• **WHAT IS NEEDED**: The entries below contain pictures, which are to be left out; write out exactly, and only, the lines from the line with "Mitchell - Mobile" up to and including the line with "Hippie Sun and".

Start of DATASET

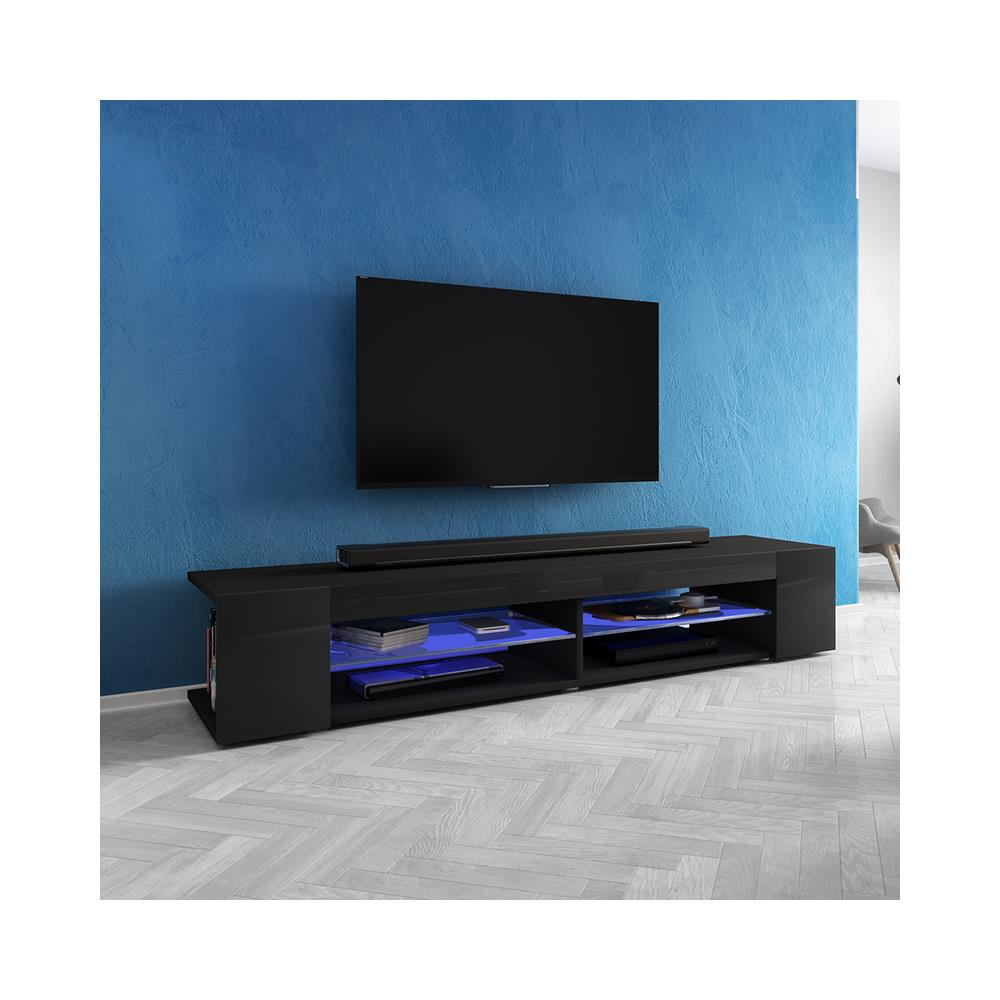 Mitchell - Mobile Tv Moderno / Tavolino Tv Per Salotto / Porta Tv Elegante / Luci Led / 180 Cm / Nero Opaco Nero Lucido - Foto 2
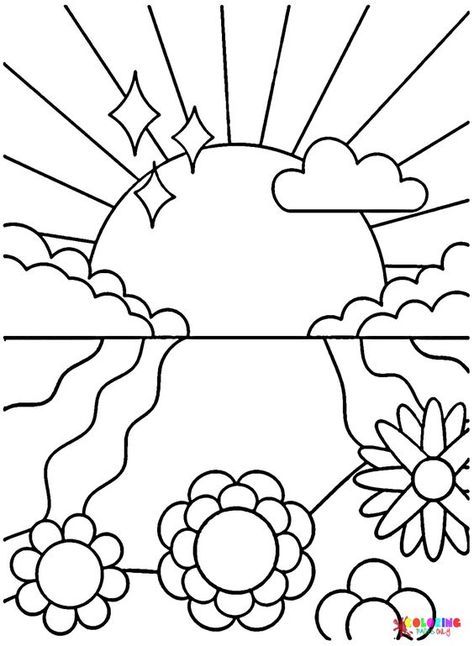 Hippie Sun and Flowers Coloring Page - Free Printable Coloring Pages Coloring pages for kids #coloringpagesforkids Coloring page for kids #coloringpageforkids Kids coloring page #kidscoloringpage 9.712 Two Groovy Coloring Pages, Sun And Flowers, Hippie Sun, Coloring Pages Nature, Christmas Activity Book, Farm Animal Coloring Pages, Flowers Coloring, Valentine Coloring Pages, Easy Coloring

End of DATASET
Start of DATASET

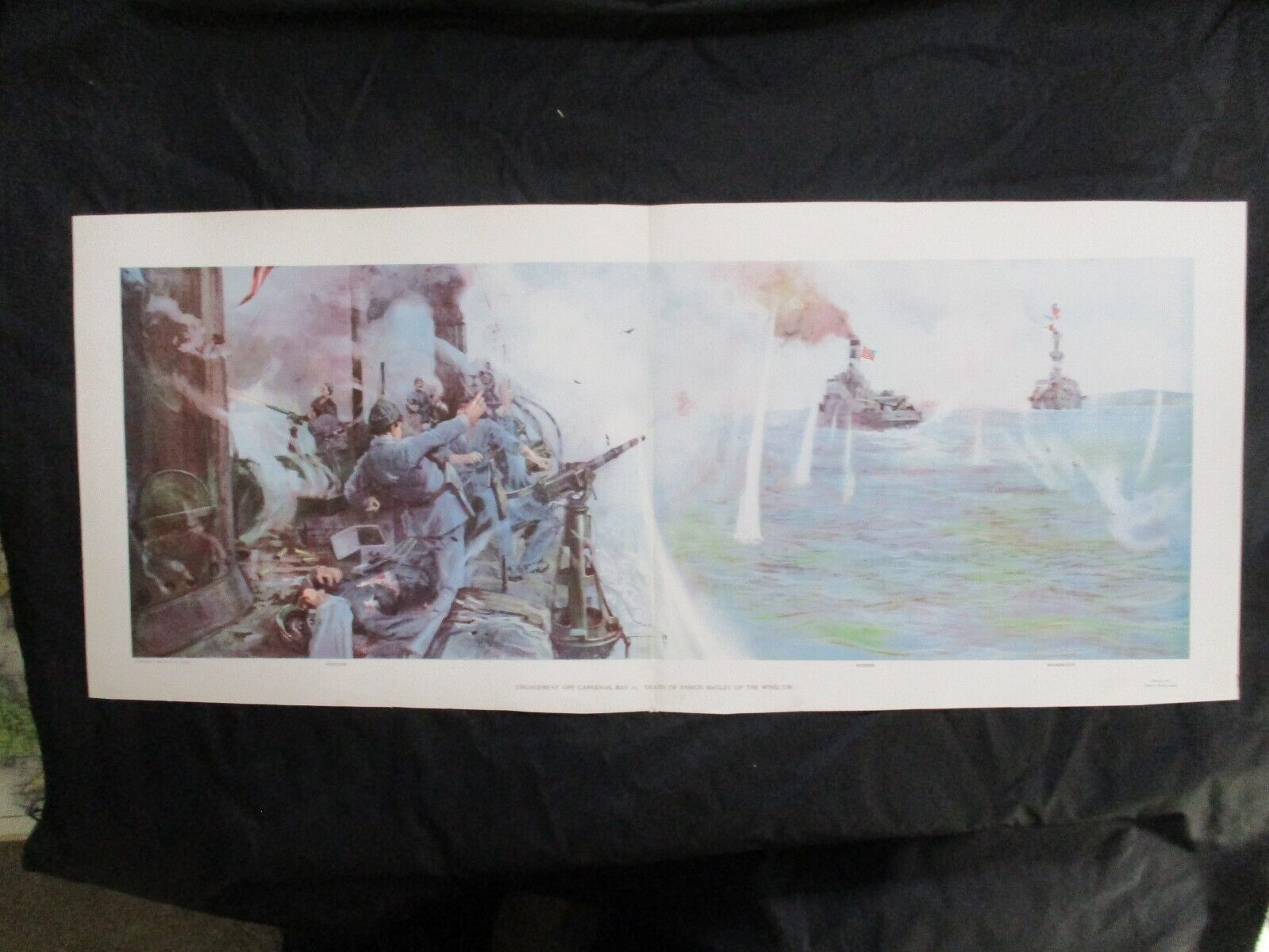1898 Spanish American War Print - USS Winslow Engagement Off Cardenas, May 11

End of DATASET

• **TASK ANSWER**:
 Mitchell - Mobile Tv Moderno / Tavolino Tv Per Salotto / Porta Tv Elegante / Luci Led / 180 Cm / Nero Opaco Nero Lucido - Foto 2
 Hippie Sun and Flowers Coloring Page - Free Printable Coloring Pages Coloring pages for kids #coloringpagesforkids Coloring page for kids #coloringpageforkids Kids coloring page #kidscoloringpage 9.712 Two Groovy Coloring Pages, Sun And Flowers, Hippie Sun, Coloring Pages Nature, Christmas Activity Book, Farm Animal Coloring Pages, Flowers Coloring, Valentine Coloring Pages, Easy Coloring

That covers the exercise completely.